Oszustów wykorzystujących metody na „policjanta”, „wnuczka”, czy inną osobę, która natychmiast potrzebuje pieniędzy, żeby „ratować” siebie albo innych namierzyć – jak wiadomo – wcale nie jest łatwo. Przyznają to także konińscy śledczy z Prokuratury Rejonowej w Koninie, którzy co kilka dni otrzymują informację o kolejnej ofierze zuchwałych przestępców. Tym razem jednak udało się ich zatrzymać.
Na gorącym uczynku
55-letni mieszkaniec województwa mazowieckiego oraz 26-latek z dolnośląskiego na swoją ofiarę wybrali mieszkańca Konina. Podając się za policjantów biorących udział w prowokacji mającej na celu „namierzenie oszustów” próbowali wyłudzić od niego 15 tysięcy złotych. Adam Weber, prokurator rejonowy w Koninie nie zdradzając szczegółów, przyznaje że obaj zostali zatrzymani… na gorącym uczynku.
Młodszy miał amfetaminę
Obaj też, o co wnioskował prokurator, trafili do tymczasowego aresztu i mogą się liczyć z surowymi karami. Za oszustwo grozi do 8 lat więzienia. Dodatkowo przy młodszym policjanci znaleźli pokaźną ilość amfetaminy.

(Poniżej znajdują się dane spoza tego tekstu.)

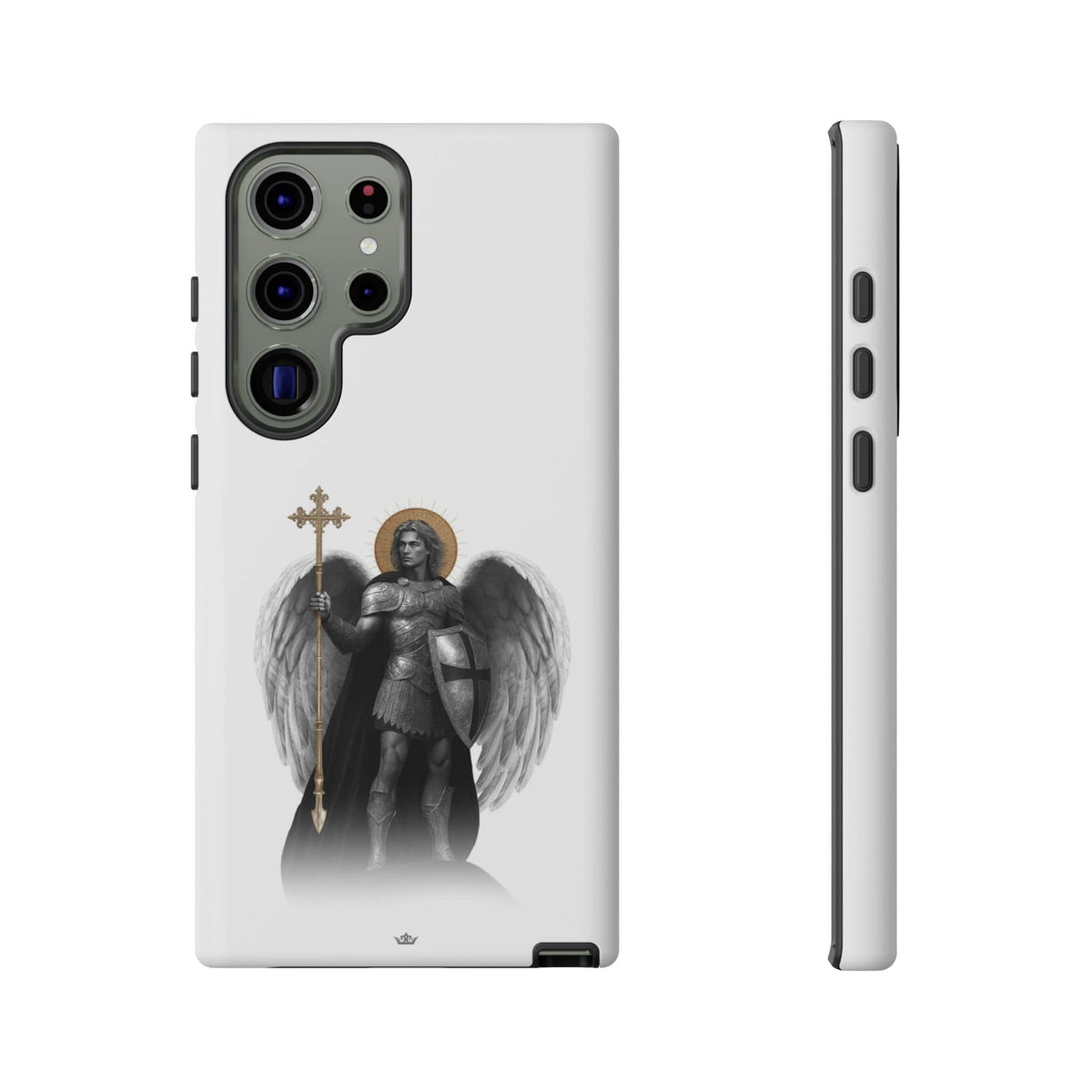 St. Michael the Archangel Victorious Hard Phone Case (Lumiere) Copyright VENXARA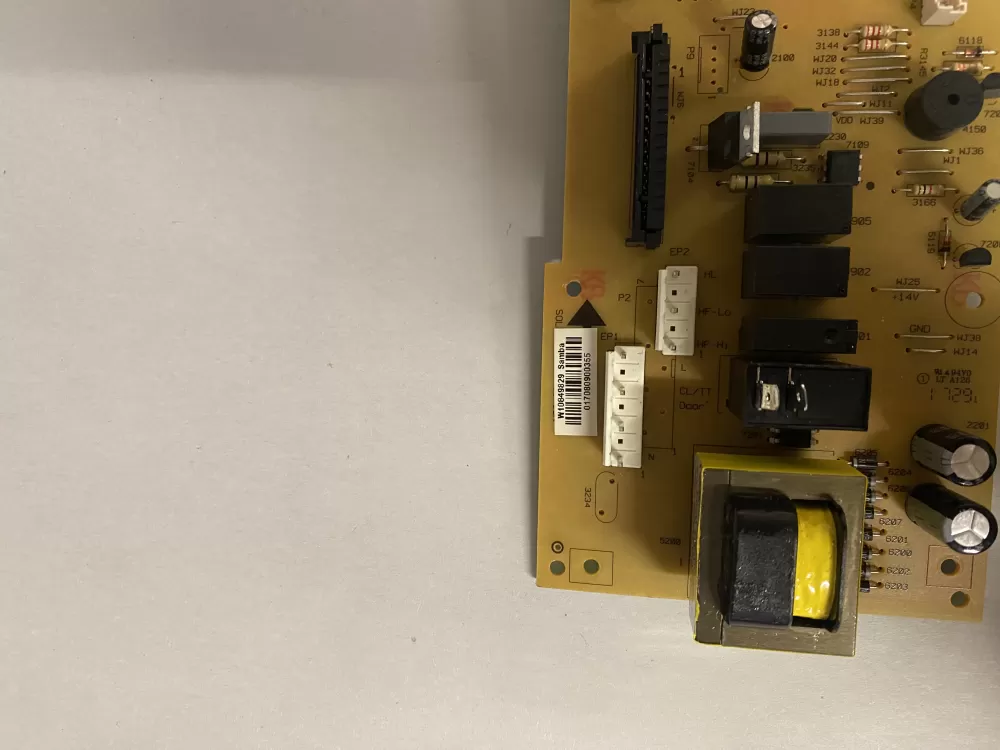 Whirlpool W10849829 Microwave Oven Control Board AZ219814 | BK773
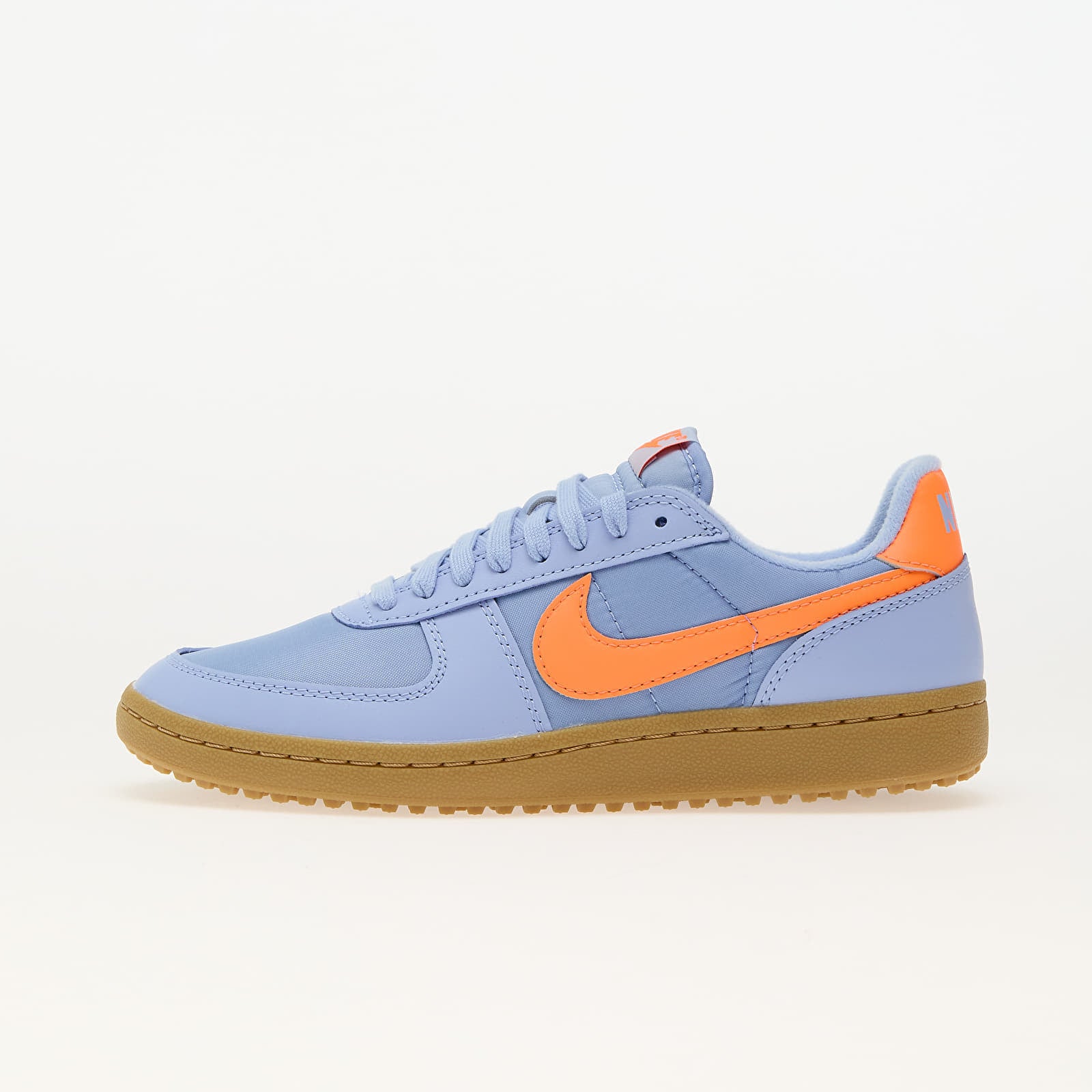Sneakers Nike Field General '82 Sp Aluminum- Total Orange-Gum Light Brown EUR 38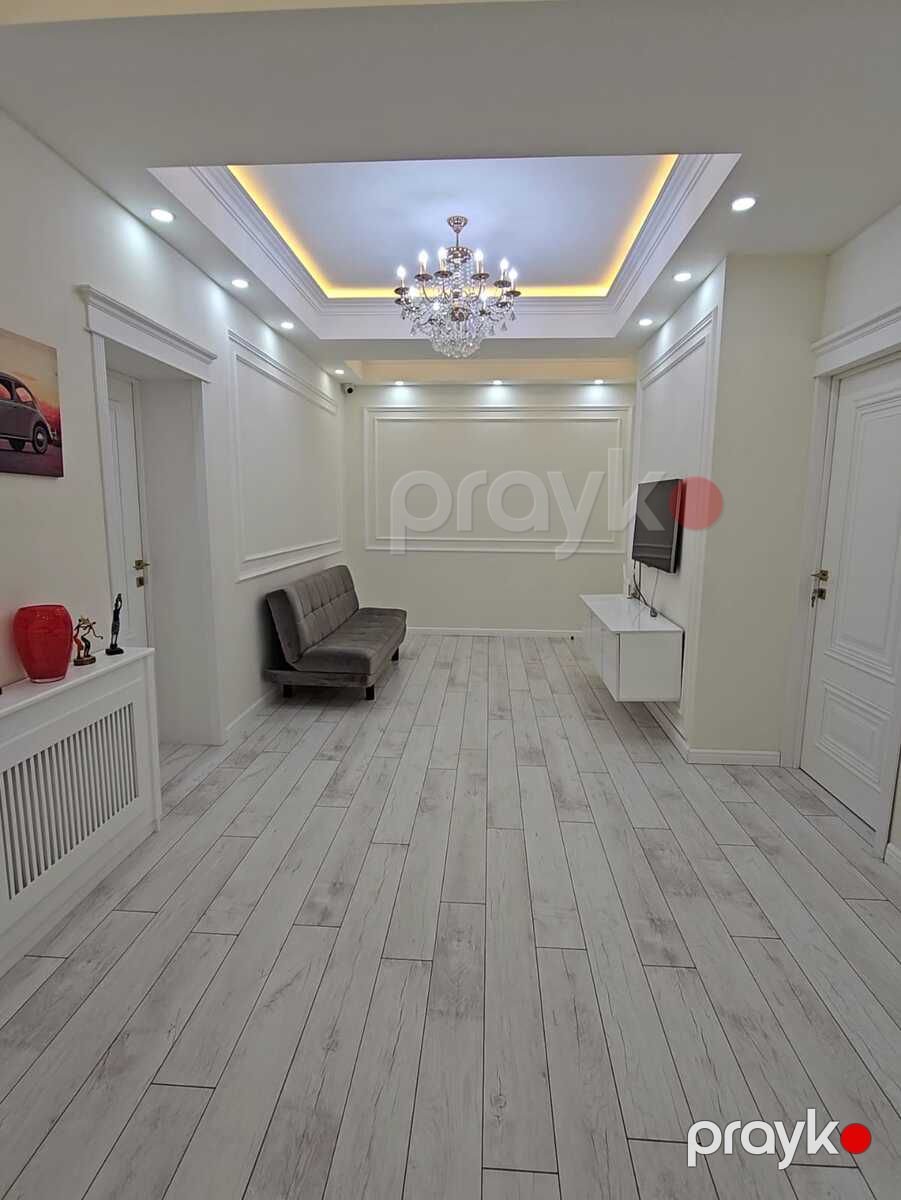 İcarəyə verilir 3 otaqlı yeni tikili 120 m² — Mənzil, Bakı (11)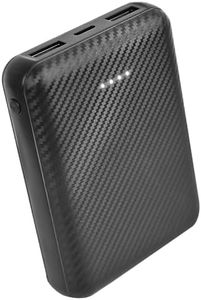 GAROERFAR 12000mAh Batterie Externe pour Gilet Chauffant - 5V 2A Power Bank Rechargeable pour Veste Chauffante et Doudoune Chauffante, Compatible avec iPhone iPad Samsung Tablet etc.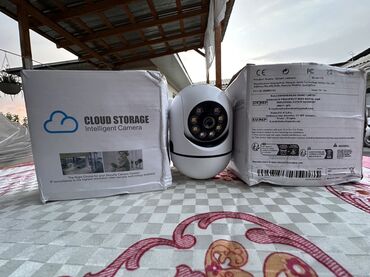 камера 360 градусов: Белая интеллектуальная камера для видеонаблюдения с возможностью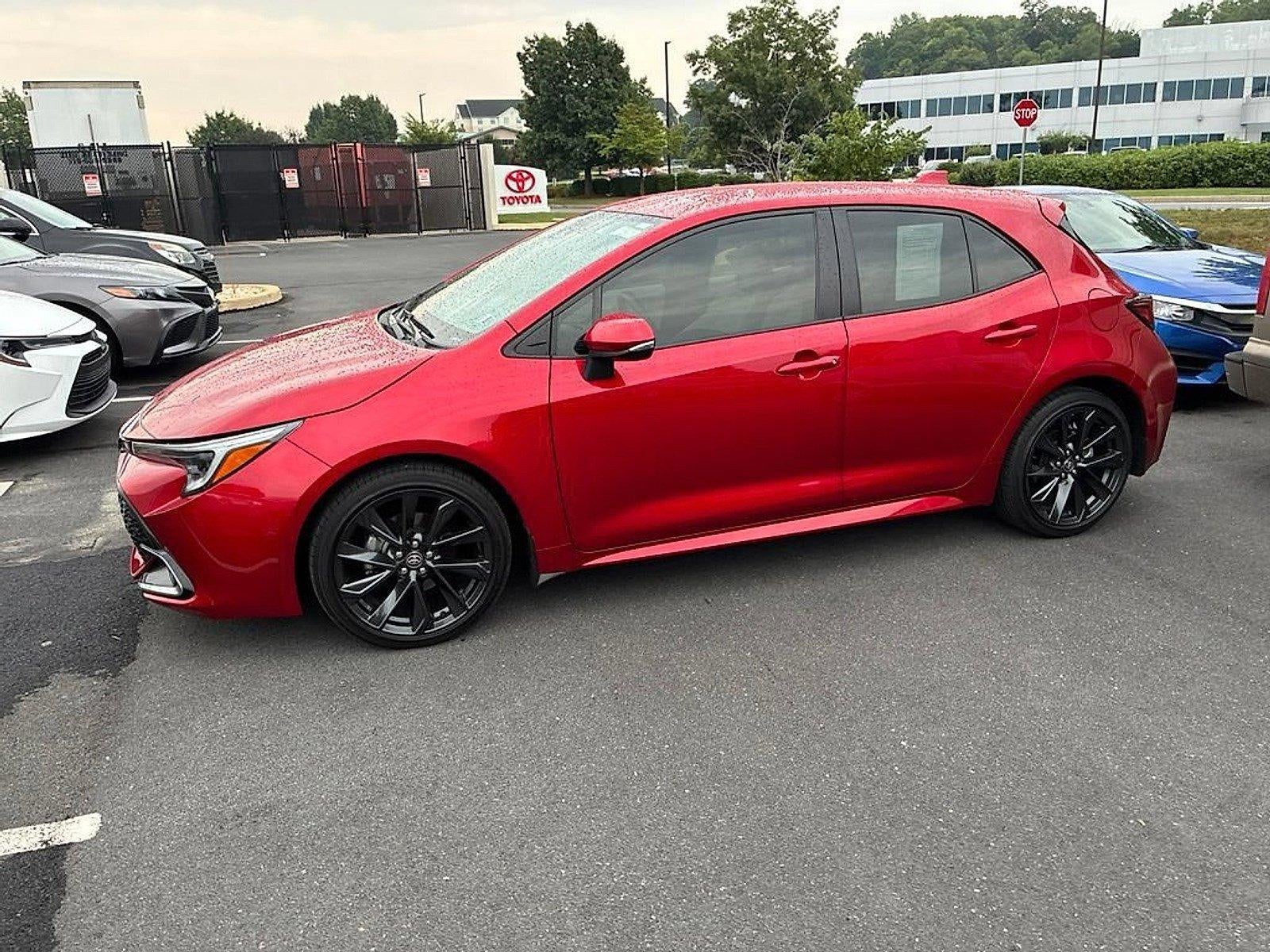 2023 Toyota Corolla Hatchback XSE CVT (Natl)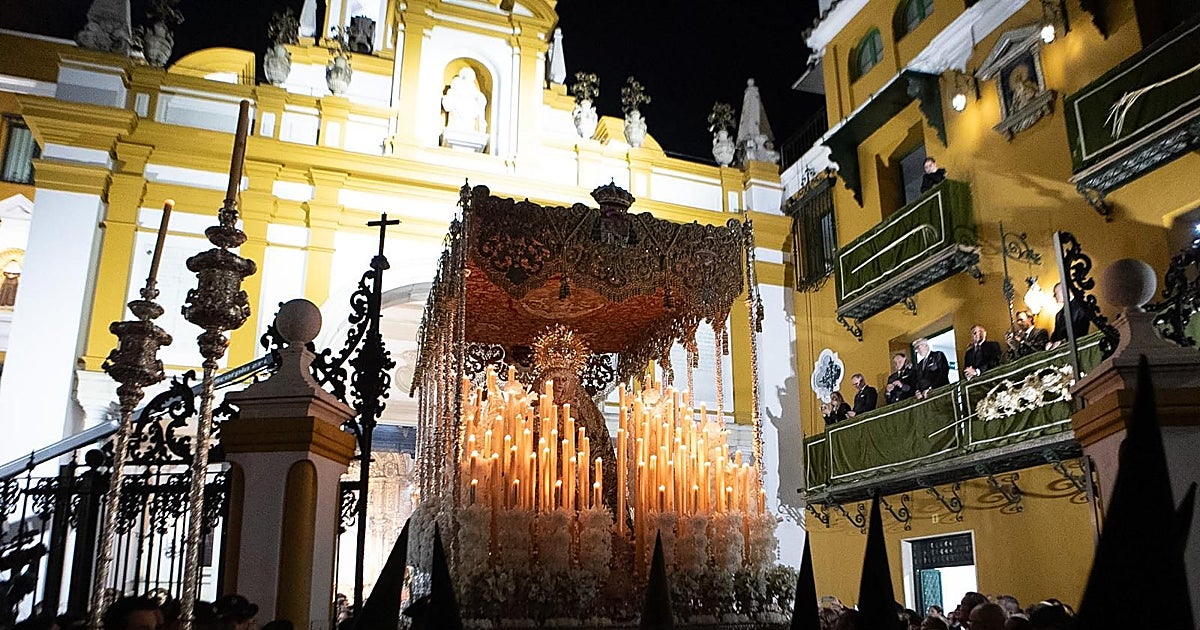 La Macarena inicia una misión en el Polígono Norte que culminará en 2029 con una procesión extraordinaria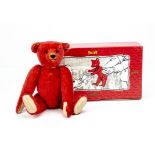 A Steiff limited edition for Russia Alfonso 100th Jubilee, 340 of 1000, in original box with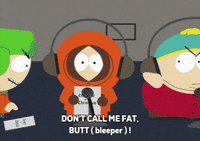 mad eric cartman GIF by South Park 
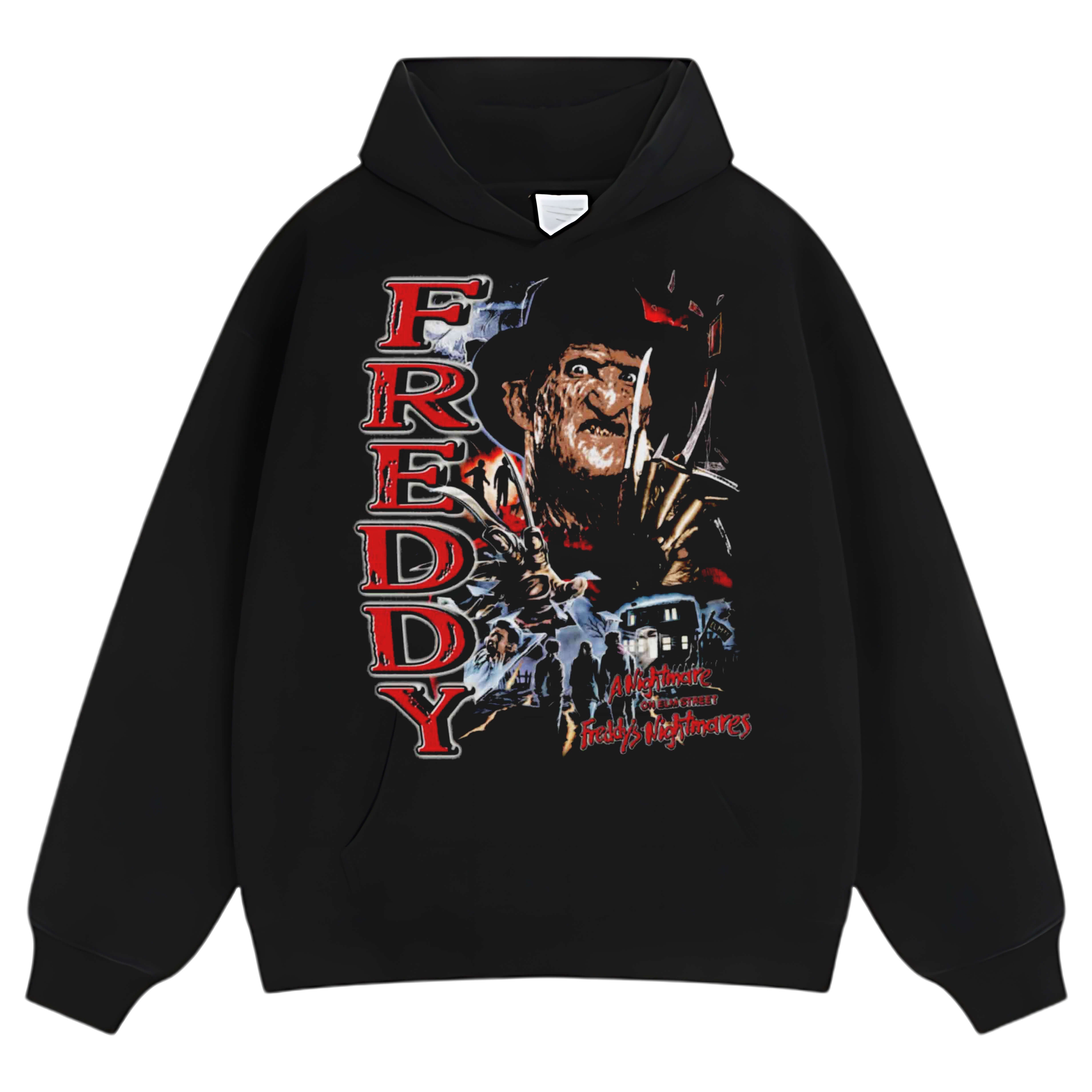 FREDDY V2 TEE & LS & HOODIE & LS & HOODIE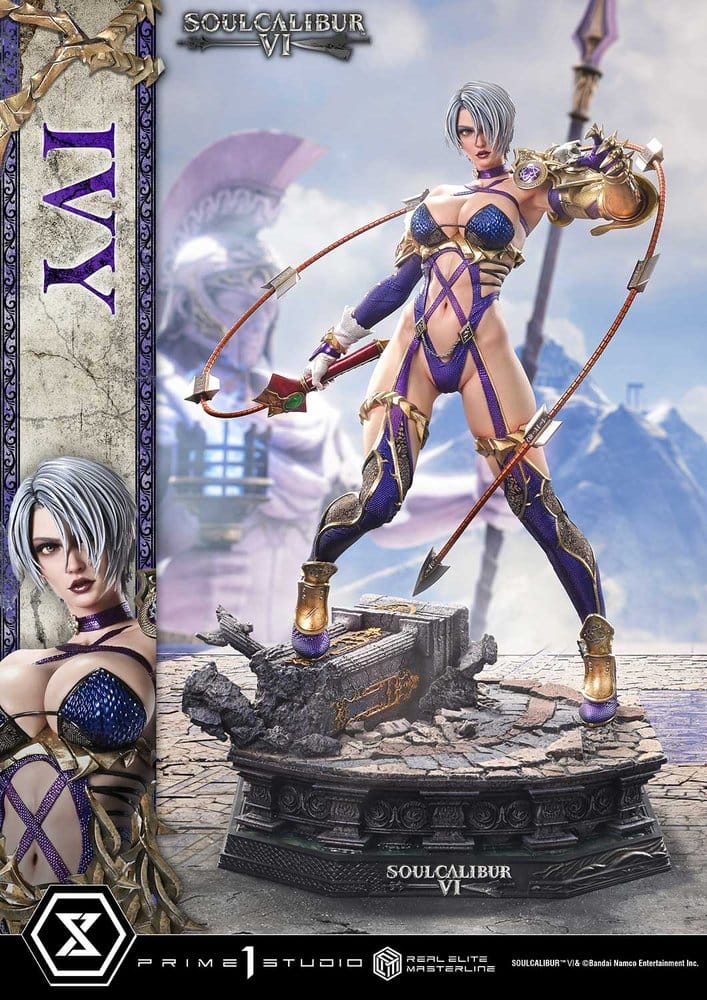 Soul Calibur VI Real Elite Masterline Series Statue 1/4 Ivy 58 cm - Prime 1 Studio Statues & Busts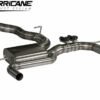 HURRICANE EXHAUST EWG ABGASANLAGE FÜR AUDI S3 8V SPORTBACK VFL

Prokurator apeluje o ostrożność
Szef konińskiej prokuratury rejonowej przyznając, że takie przestępstwa są na naszym terenie prawdziwą plagą, apeluje o ostrożność. – Żadna instytucja nie żąda pieniędzy! Gdy zadzwoni taki telefon natychmiast należy się rozłączyć i powiadomić służby. Gdy mamy jakiekolwiek wątpliwości warto skontaktować się z rodziną – radzi Adam Weber.